Pointing out that a justification fails to pass muster doesn't thereby commit one to some position regarding the truth value of a statement like "necrophilia is automatically wrong". For example, let's imagine a situation where Manchester United was going to play a (genuine) game against the Amanzimtoti under-8-year-old's soccer team. Let's then say that one of my friends claims that "Manchester United is going to beat Amanzimtoti under 8's in soccer" and I ask him to justify this claim. Let's further imagine that he then goes on to say "Well, Manchester United always win when I eat pizza for lunch, and I've eaten pizza for lunch, so they'll win". This is a mad justification for his belief, and I tell him as much - it goes no way towards establishing the truth of his claim. But, having rejected the justification he has offered, I'm not thereby committing myself to the falsity of his claim, in fact, I think it's fair to say that Man.U would cream the Toti under 8's and my justification for this would be because they're an professional soccer team made up of adults! I can (and do) agree with the claim itself, but not the justification.
It's the same thing with Tauriq's argument - he's pointing out that these justifications are shabby and aren't adequate to establish what they're meant to, not that he thinks that necrophilia is right!
It might be that there is an answer to the question "is necrophilia right?", it might also turn out that that answer is "no, it's intrinsically wrong". But the standard justifications given for that answer don't manage to establish that - the question of the moral status of necrophilia remains unsettled given these justifications.

** Edit - Reply from Tauriq Moosa **

Thanks to Tauriq for the following response:

Thanks for this. 

I should clarify that I'm in two minds about ideas of right and wrong. On the one hand, I don't think anything morally interest is, by definition, right or wrong: otherwise, there's no moral discussion. For example, if we define murder as morally wrong killing, then there's no discussion. It's wrongness is in the title. However, killing, the neutral term, can be right and wrong - depending on circumstances, consequences, etc.

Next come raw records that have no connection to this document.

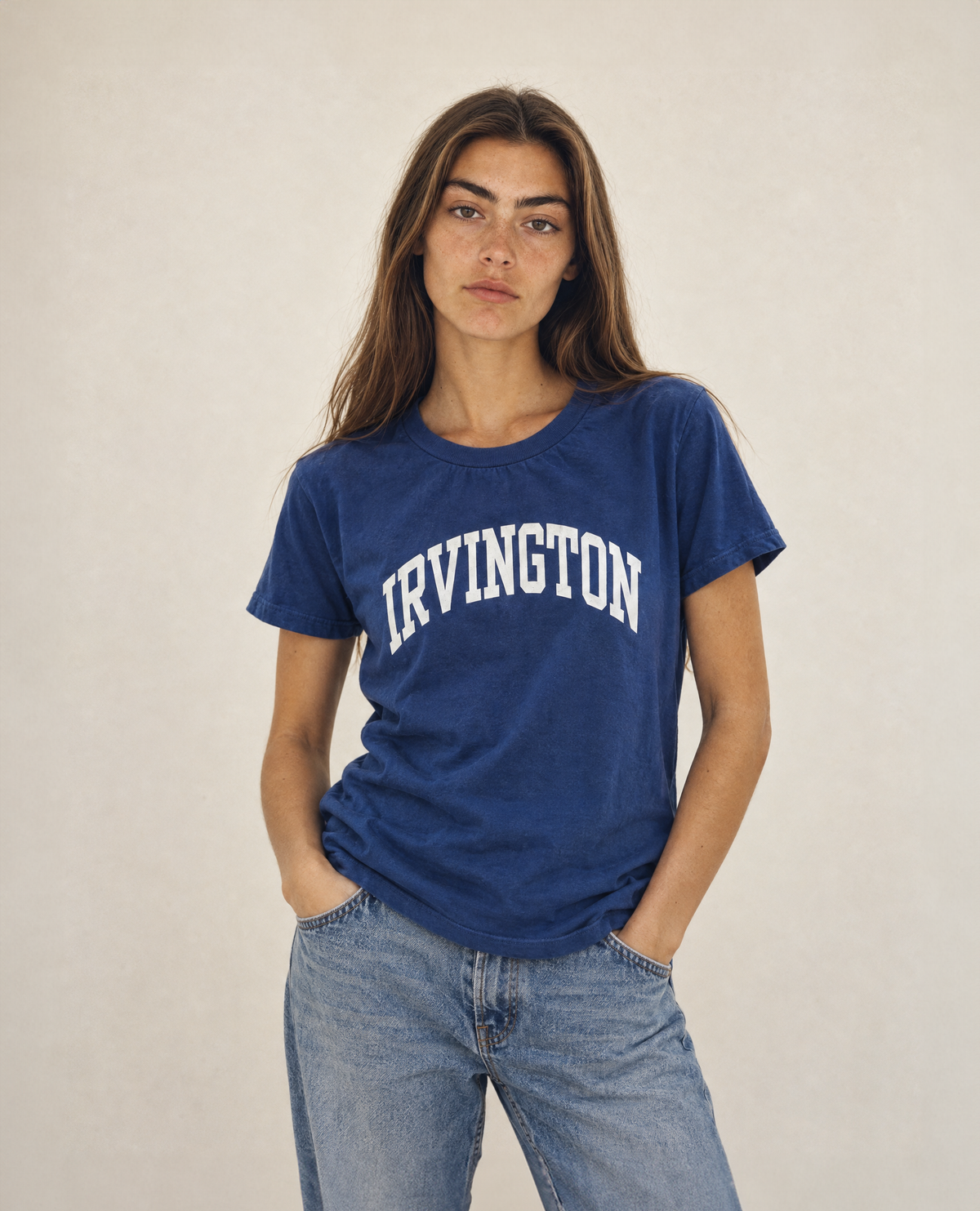 Irvington Souvenir Varsity Tee in Navy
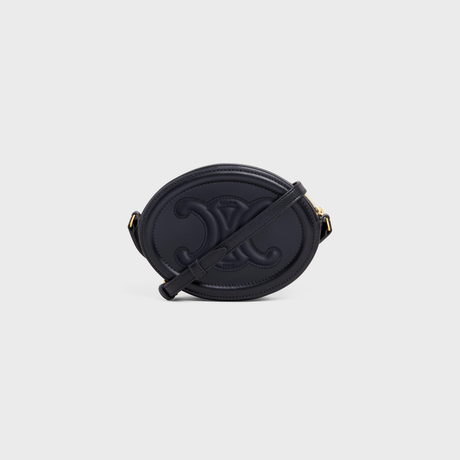 Replicate CROSSBODY OVAL PURSE CUIR TRIOMPHE IN SMOOTH CALFSKIN BLACK(1:1 replica)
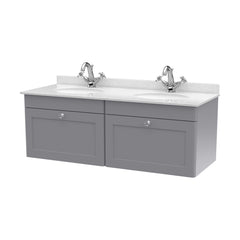 [BFCL294WR2] Swynnerton Traditional 2 Drawer Wall Hung Vanity Basin Unit with Double 1 Tap Hole White Marble Worktop and Basin, 1200mm, Choice of Colour - Cutout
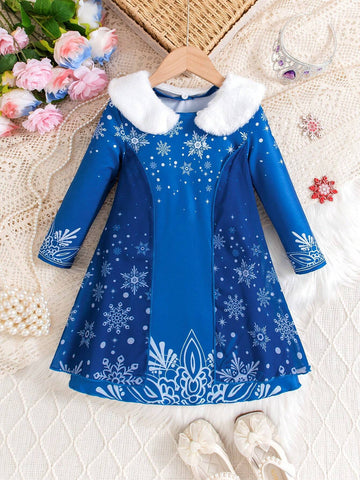 Young Girls Dress With Snowflake Pattern Design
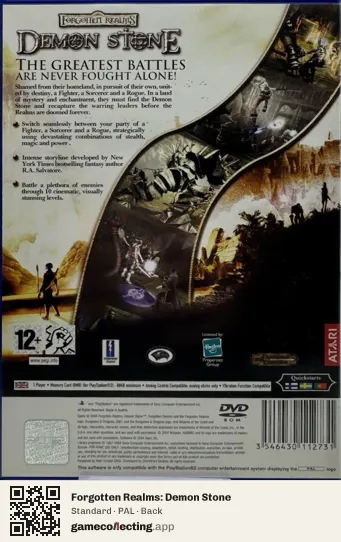 Forgotten Realms: Demon Stone PlayStation 2, PAL box back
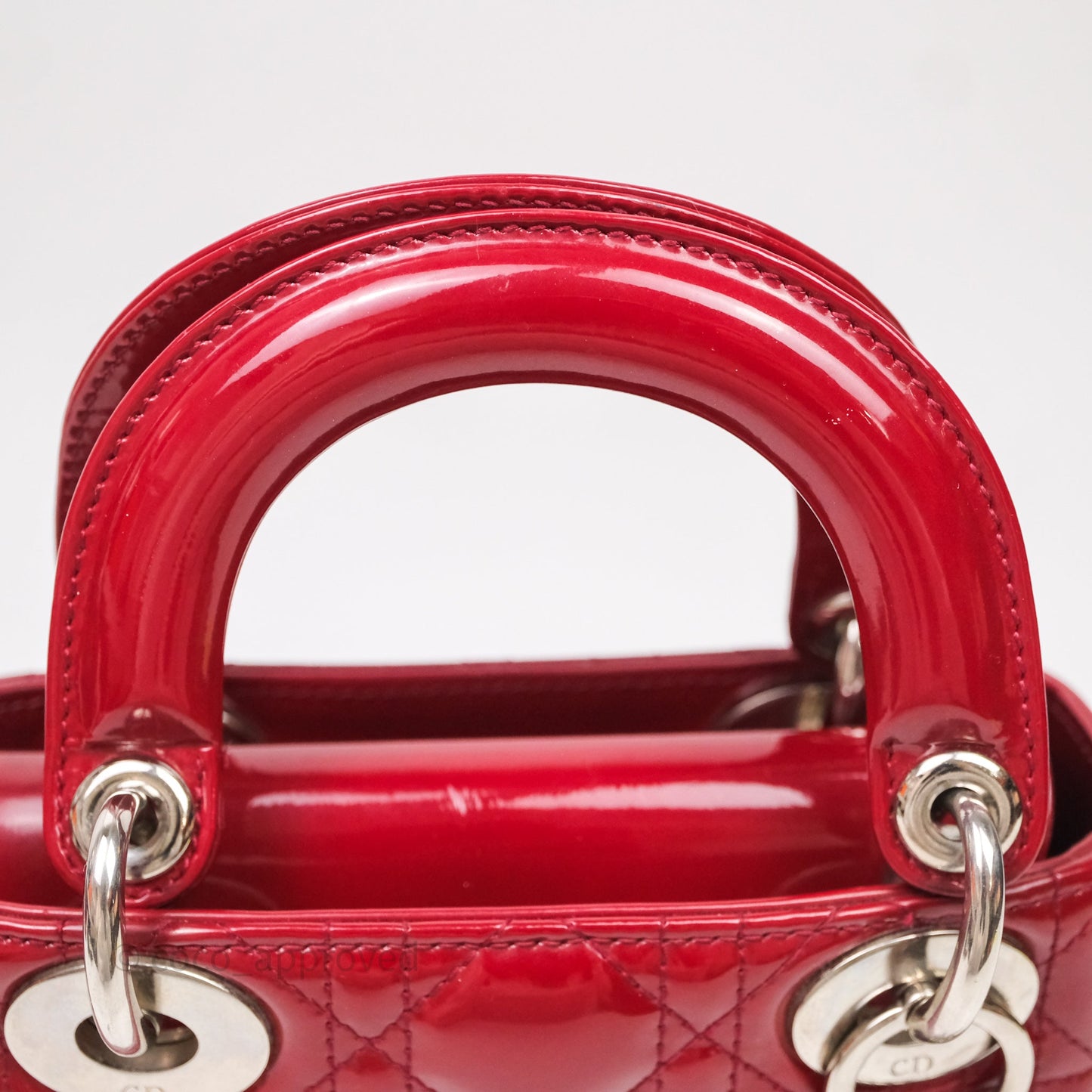 Christian Dior Mini Lady Dior Red Patent Cannage Silver Hardware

On the other hand, I'm more and more convinced by the ideas of objectivity in ethics: that there are things that are right and wrong. Or rather, that morality is not subjective at all: that, if we term something wrong, then it IS wrong (by whatever moral framework we're focused on). In other words, I'm becoming more and more convinced that Hume's Guillotine is blunt. 

Thus necrophilia might be neither right or wrong, by definition. I think there ARE cases where it is wrong - but then it comes down to property violation, only instantiating that necrophilia is not wrong. I can't fathom that ONLY having sex with dead bodies is wrong, since, like killing, we must further investigate the surrounding moral environment. So I don't think necrophilia is wrong and I don't think there are any arguments that have been made to counter that, though I hope someone does create one.